Edition 313 – Cultural Identity

It’s all through the news – “We can’t find staff”.
Business owners I’m meeting, talking and working with are saying it – “There’s just no one around”.

Unemployment in Australia is down to 4%, an incredible number when you consider what it looked like almost two years ago with the onset of the COVID crisis. Remember the lines of people outside Centrelink offices around the country?

The media is taking the typically sensationalist headline approach when it rolls these stories out and there is no doubt that there are businesses right now that simply can’t find staff. However, it’s what I’m observing, not what I’m hearing, that has cause for concern.

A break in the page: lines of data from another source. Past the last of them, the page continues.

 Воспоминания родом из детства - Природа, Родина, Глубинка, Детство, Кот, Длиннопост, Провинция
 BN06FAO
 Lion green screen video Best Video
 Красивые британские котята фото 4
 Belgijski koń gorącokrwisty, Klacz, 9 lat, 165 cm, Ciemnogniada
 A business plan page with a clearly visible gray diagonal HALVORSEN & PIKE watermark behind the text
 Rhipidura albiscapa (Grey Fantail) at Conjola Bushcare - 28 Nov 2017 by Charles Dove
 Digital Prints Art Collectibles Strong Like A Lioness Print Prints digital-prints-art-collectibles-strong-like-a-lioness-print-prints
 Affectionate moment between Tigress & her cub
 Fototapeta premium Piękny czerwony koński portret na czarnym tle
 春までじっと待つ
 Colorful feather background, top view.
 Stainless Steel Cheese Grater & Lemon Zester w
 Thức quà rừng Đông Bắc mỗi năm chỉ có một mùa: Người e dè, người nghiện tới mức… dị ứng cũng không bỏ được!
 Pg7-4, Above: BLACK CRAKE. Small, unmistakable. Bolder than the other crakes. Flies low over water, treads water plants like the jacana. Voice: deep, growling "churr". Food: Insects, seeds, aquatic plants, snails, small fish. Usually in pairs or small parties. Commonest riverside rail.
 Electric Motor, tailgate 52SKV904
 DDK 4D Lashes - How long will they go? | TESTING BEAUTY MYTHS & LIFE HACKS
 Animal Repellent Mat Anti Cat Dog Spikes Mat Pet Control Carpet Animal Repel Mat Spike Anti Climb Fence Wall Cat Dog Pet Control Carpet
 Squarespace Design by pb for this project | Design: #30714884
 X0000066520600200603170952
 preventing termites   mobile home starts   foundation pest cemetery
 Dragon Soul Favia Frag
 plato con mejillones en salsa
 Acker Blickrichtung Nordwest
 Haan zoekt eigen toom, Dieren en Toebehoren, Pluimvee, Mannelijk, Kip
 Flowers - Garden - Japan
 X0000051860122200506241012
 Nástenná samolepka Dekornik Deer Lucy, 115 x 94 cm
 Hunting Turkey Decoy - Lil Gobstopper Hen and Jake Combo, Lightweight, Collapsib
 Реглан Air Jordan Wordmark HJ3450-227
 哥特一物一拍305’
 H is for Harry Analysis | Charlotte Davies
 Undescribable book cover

Here’s some of what I’ve seen happen in recent months inside businesses, which really is a window into the world of the culture in some businesses:

  1. Businesses flogging their staff almost to death in terms of hours worked. I get that overtime might be required to catch up any backlog from last year, however beyond 50 hours per week, you’re experiencing an example of the law of diminishing returns.
  2. Systems that are non-existent, which means each day is merely chaos.
  3. Systems that are existent, but not reinforced through regular training. I don’t care if your staff have been shown how to do it previously. Most people look for shortcuts and if your business can’t do shortcuts, keep reiterating the correct way. It’s why McDonald’s has equipment that “beeps” all the time!
  4. Owners and managers that are non-existent on the ground. If your staff can’t see you, who’s leading them?
  5. A simple lack of “please” and “thank you” from the top tier to their people. I’m sure some people in business were never taught this as a young child, for it sure as hell permeates their character once they’ve grown up. Three words – two terms – both incredibly powerful.
  6. Not engaging the team in any time out, at all! We’ve all lived a rollercoaster existence the past two years. What have you done to reward your team for what they have achieved, rather than what they’ve missed?
  7. A complete lack of investment in the training and development of your people. If you’re not growing them, they’ll find another garden plot with more fertiliser and greater TLC.
  8. An absence of the understanding that, as an owner or manager in the business, you’re their mentor – someone for them to look up to. You’re a significant part of their life, yet most of you fail to understand the huge importance of your roles. If you remember your own bosses, good or bad over the years, remember, your staff do as well.
  9. Not throwing the arm of family around your people. Plenty of individuals have done it tough through this period. Some have lost family, if not to COVID, merely to whatever ailment inflicted them. Kind words, compassion and understanding go a long way to showing people that you care – and may be the biggest return on investment you’ll ever achieve.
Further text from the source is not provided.